A raiva petista destilada contra Delcídio, o “Fagundes do Pantanal”, referência irônica a sua semelhança com o galã de telenovela, vem de longe. Apesar do crédito com Lula e Dilma, Delcídio sempre foi visto com desconfiança no PT. Ele serviu ao PSDB, como diretor de Gás e Energia na Petrobras na gestão de Fernando Henrique Cardoso.
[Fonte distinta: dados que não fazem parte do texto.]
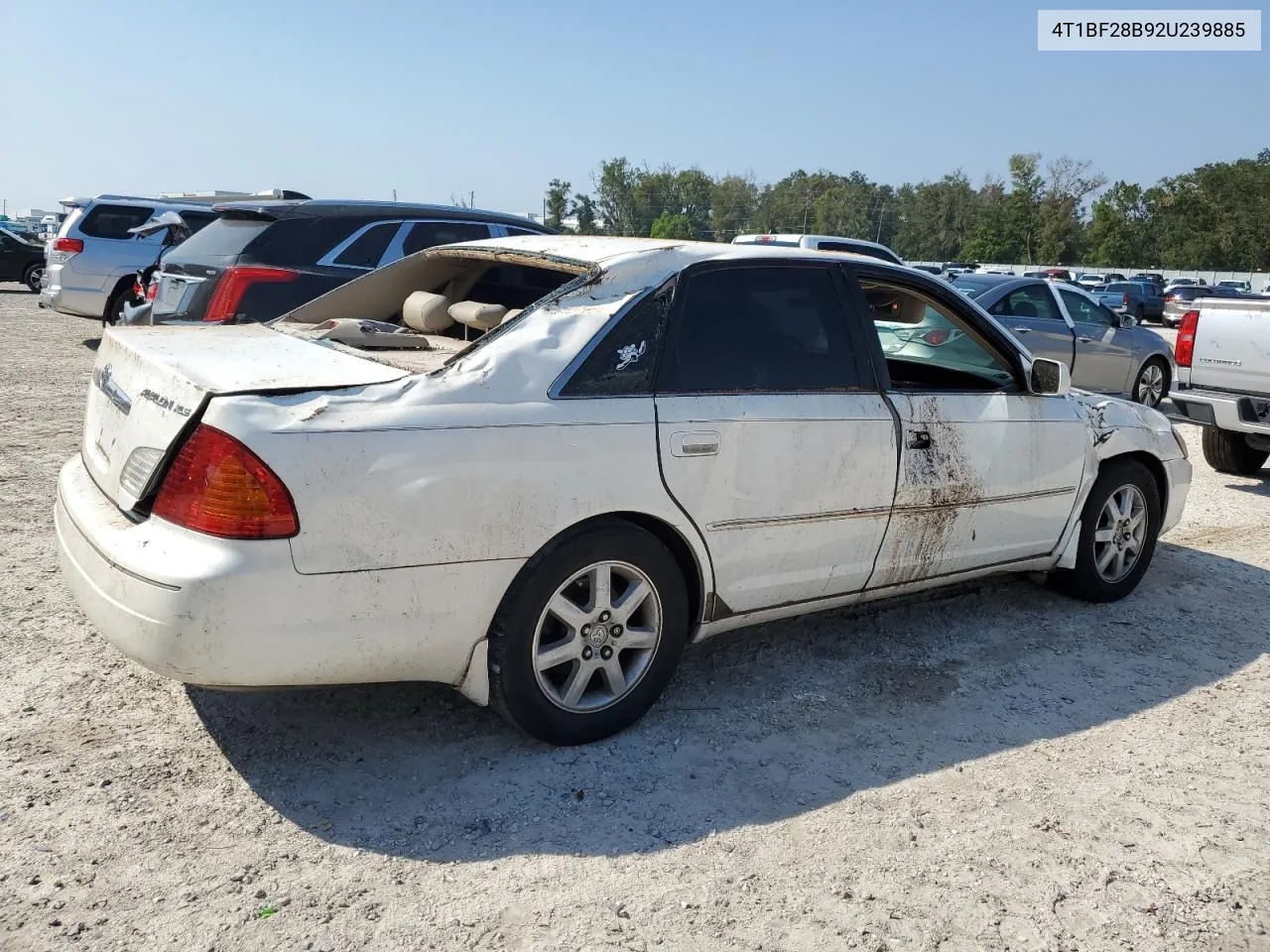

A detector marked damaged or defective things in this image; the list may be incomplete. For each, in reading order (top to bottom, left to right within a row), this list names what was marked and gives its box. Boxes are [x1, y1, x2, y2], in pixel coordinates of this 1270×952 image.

damaged white car [57, 237, 1189, 746]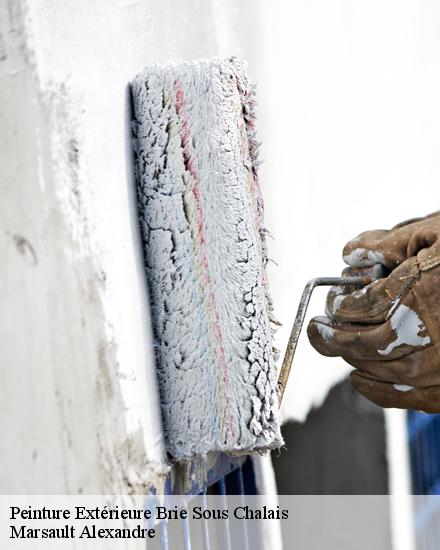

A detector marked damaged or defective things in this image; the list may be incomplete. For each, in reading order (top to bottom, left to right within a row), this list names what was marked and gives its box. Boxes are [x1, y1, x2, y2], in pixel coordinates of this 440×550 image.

bent metal handle [278, 278, 372, 408]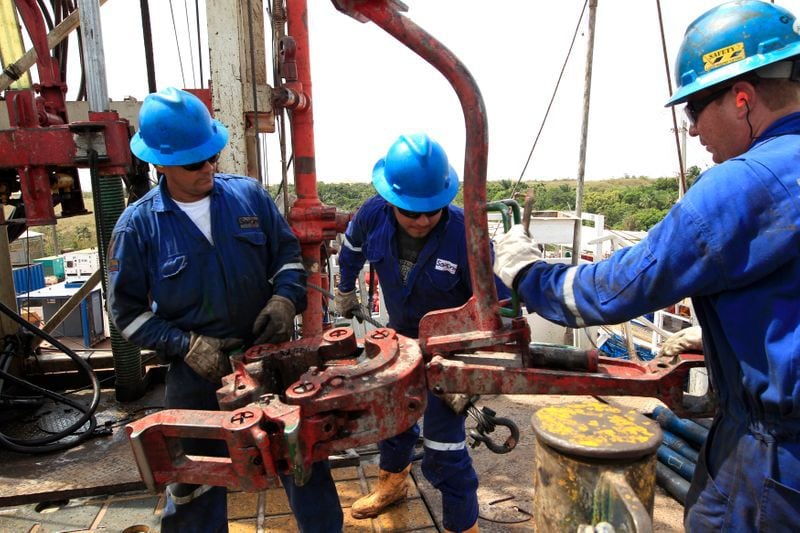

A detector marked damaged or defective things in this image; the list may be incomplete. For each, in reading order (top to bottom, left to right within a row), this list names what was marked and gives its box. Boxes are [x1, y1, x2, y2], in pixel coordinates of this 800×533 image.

rusty metal clamp [466, 404, 520, 454]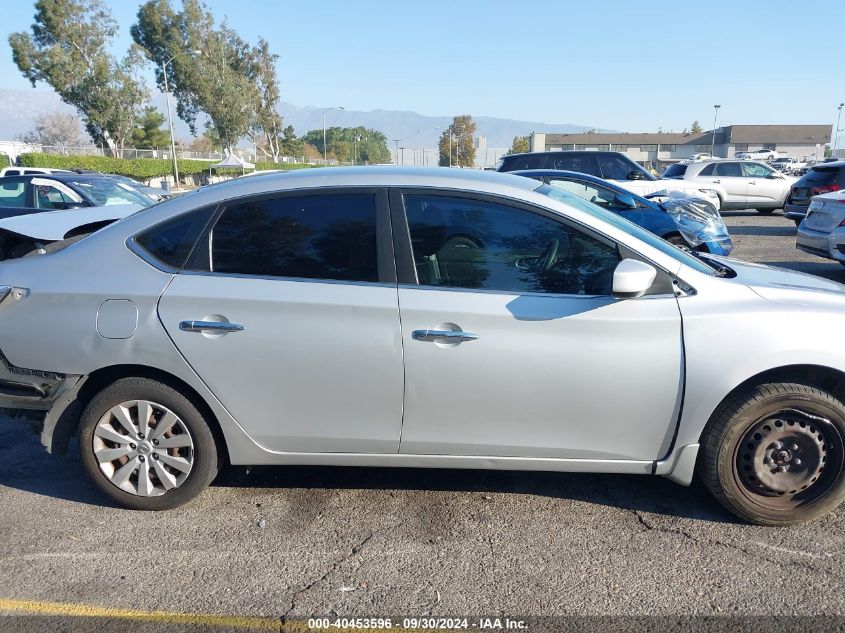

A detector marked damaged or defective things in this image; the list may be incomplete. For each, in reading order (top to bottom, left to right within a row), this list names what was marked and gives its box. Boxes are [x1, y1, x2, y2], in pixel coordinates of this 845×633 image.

damaged front bumper [0, 348, 84, 452]
crack in pavement [632, 508, 832, 572]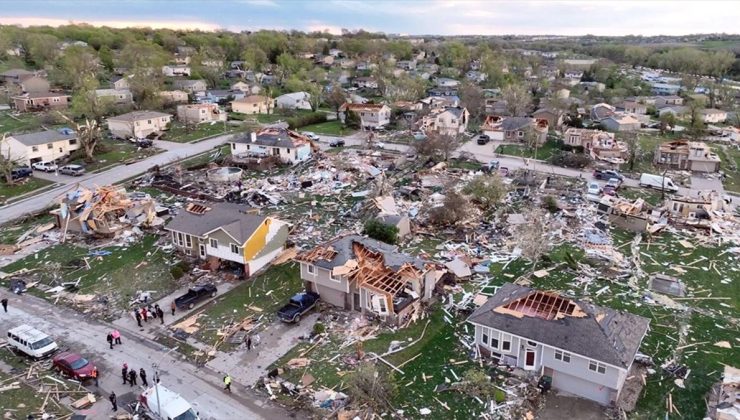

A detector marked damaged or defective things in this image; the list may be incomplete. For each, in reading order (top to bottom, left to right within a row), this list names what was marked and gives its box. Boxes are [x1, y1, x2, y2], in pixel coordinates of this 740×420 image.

damaged house [165, 202, 290, 278]
damaged house [294, 236, 436, 324]
damaged house [468, 284, 648, 406]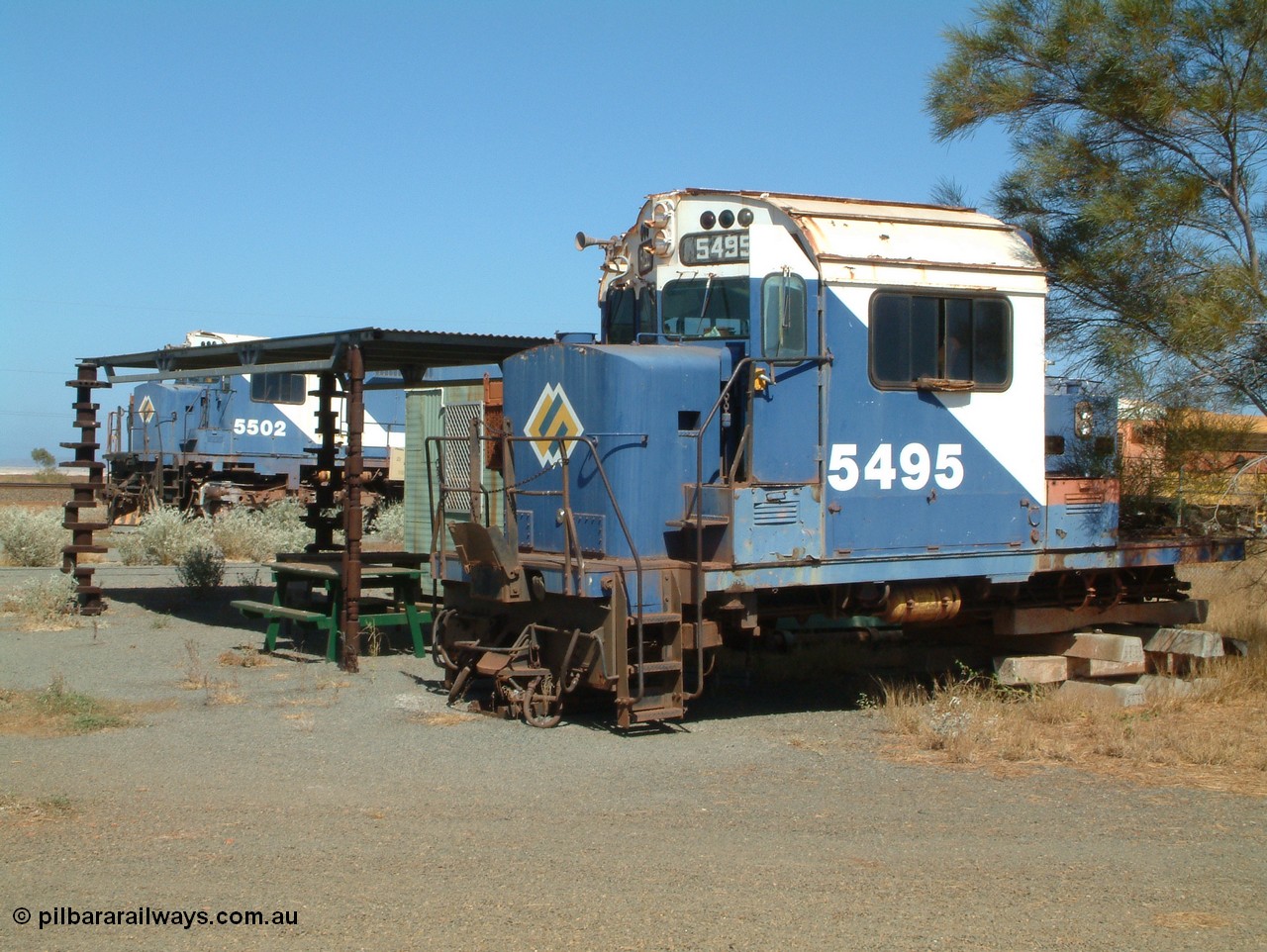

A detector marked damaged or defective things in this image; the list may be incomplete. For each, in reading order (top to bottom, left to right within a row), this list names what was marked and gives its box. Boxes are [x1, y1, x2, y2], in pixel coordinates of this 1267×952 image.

rusted metal structure [69, 327, 546, 669]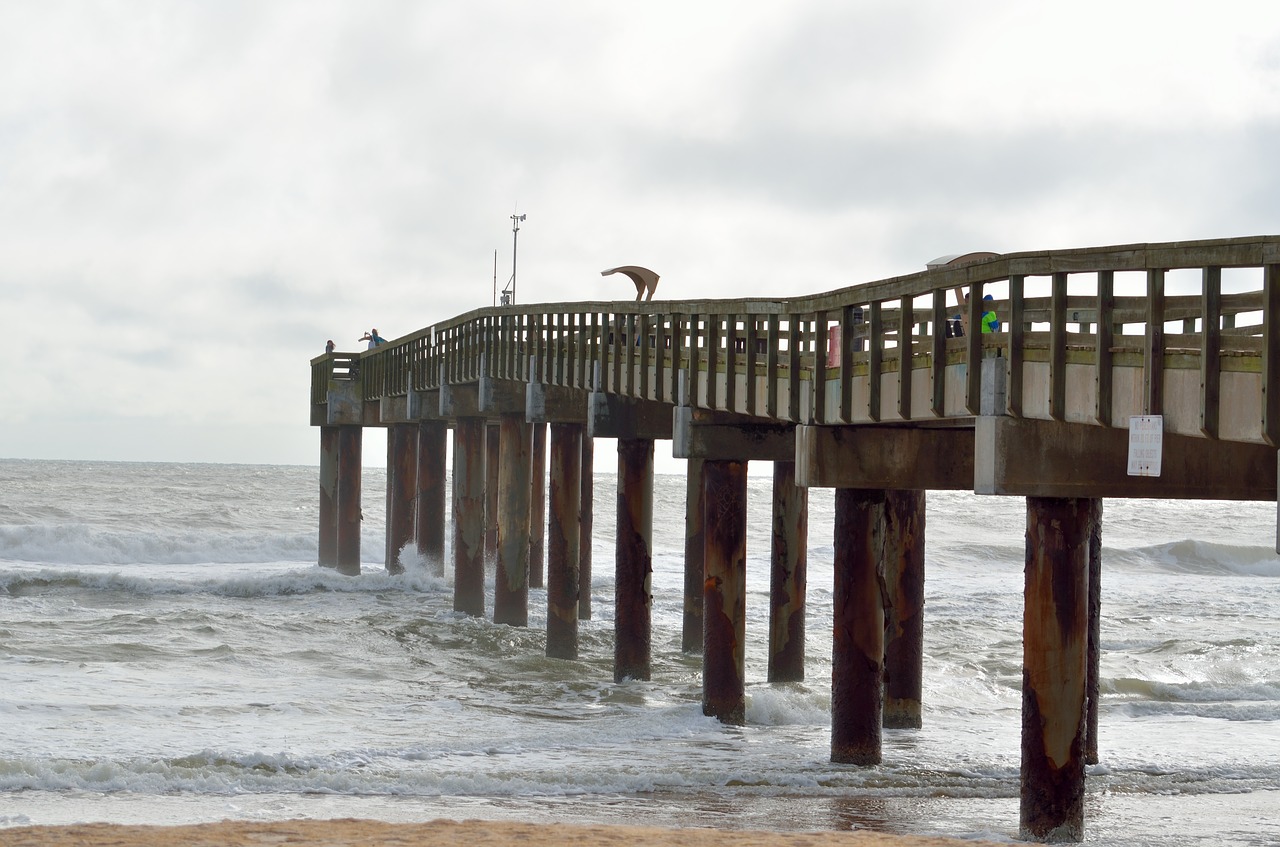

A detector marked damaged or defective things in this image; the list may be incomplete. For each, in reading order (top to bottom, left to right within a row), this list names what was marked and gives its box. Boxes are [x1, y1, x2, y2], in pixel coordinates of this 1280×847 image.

rusty concrete piling [317, 432, 337, 570]
rusty concrete piling [335, 424, 366, 578]
rusty concrete piling [384, 424, 414, 578]
rusty concrete piling [419, 422, 450, 580]
rusty concrete piling [453, 417, 486, 616]
rusty concrete piling [488, 417, 529, 629]
rusty concrete piling [527, 422, 547, 591]
rusty concrete piling [547, 427, 583, 660]
rusty concrete piling [614, 437, 655, 685]
rusty concrete piling [680, 460, 711, 652]
rusty concrete piling [701, 460, 747, 726]
rusty concrete piling [762, 460, 803, 685]
rusty concrete piling [829, 488, 880, 767]
rusty concrete piling [885, 491, 926, 731]
rusty concrete piling [1018, 498, 1090, 844]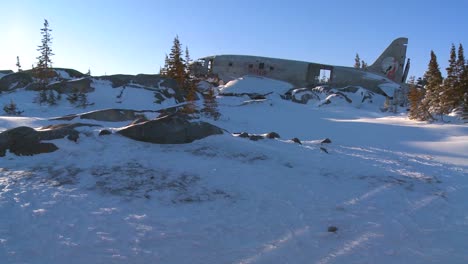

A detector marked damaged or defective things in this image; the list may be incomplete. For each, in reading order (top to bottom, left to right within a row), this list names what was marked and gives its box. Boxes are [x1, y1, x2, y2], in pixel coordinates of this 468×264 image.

crashed airplane [192, 36, 408, 95]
Aderiu ao PT para se eleger senador em 2002. A atuação como presidente da CPI dos Correios, a que desvendou o escândalo do mensalão, não ajudou em sua popularidade entre os correligionários. Em 2014, quando tentou eleger-se governador de Mato Grosso do Sul, Delcídio escondeu a estrela vermelha como pôde. Mesmo assim, conquistou Dilma e foi decisivo para a aprovação das medidas do ajuste fiscal. Em março, aproximou o então ministro da Fazenda, Joaquim Levy, dos aliados no Senado. Um de seus movimentos mais importantes foi reaproximar o PMDB do governo. Foi ele quem organizou um almoço na residência oficial de Renan Calheiros, em maio, com o presidente Lula e a cúpula do PMDB. A relação se apaziguou por um tempo. Foi assim que o governo conseguiu que o Senado mantivesse os vetos da presidente Dilma às medidas da chamada “pauta-bomba”, que aumentariam os gastos do governo em R$ 64 bilhões.